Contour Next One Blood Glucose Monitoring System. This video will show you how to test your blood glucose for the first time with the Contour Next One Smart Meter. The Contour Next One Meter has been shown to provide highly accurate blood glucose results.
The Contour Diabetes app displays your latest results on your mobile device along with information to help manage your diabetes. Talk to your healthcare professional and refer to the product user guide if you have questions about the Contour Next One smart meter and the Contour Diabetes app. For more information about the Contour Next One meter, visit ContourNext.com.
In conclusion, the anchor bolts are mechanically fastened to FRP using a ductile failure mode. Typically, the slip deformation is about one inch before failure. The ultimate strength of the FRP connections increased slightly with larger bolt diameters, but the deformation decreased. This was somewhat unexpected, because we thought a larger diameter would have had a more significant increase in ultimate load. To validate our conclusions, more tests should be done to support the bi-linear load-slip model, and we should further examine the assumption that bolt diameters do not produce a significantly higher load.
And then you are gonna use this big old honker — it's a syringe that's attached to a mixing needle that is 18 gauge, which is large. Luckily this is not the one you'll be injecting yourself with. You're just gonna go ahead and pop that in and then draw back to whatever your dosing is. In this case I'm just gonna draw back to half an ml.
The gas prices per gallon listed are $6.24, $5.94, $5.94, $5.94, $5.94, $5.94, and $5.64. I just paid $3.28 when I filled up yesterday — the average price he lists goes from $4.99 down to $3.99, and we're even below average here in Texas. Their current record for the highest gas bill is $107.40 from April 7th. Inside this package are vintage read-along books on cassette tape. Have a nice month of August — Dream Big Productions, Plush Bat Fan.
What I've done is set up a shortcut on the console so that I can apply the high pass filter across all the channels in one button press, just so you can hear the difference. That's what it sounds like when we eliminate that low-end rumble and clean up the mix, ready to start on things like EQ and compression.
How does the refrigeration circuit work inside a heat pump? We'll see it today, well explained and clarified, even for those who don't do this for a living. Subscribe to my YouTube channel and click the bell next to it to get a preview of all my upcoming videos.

### About this exercise
Each line of the data that includes "results" should be copied.

### Result below
Contour Next One Blood Glucose Monitoring System. This video will show you how to test your blood glucose for the first time with the Contour Next One Smart Meter. The Contour Next One Meter has been shown to provide highly accurate blood glucose results.
The Contour Diabetes app displays your latest results on your mobile device along with information to help manage your diabetes. Talk to your healthcare professional and refer to the product user guide if you have questions about the Contour Next One smart meter and the Contour Diabetes app. For more information about the Contour Next One meter, visit ContourNext.com.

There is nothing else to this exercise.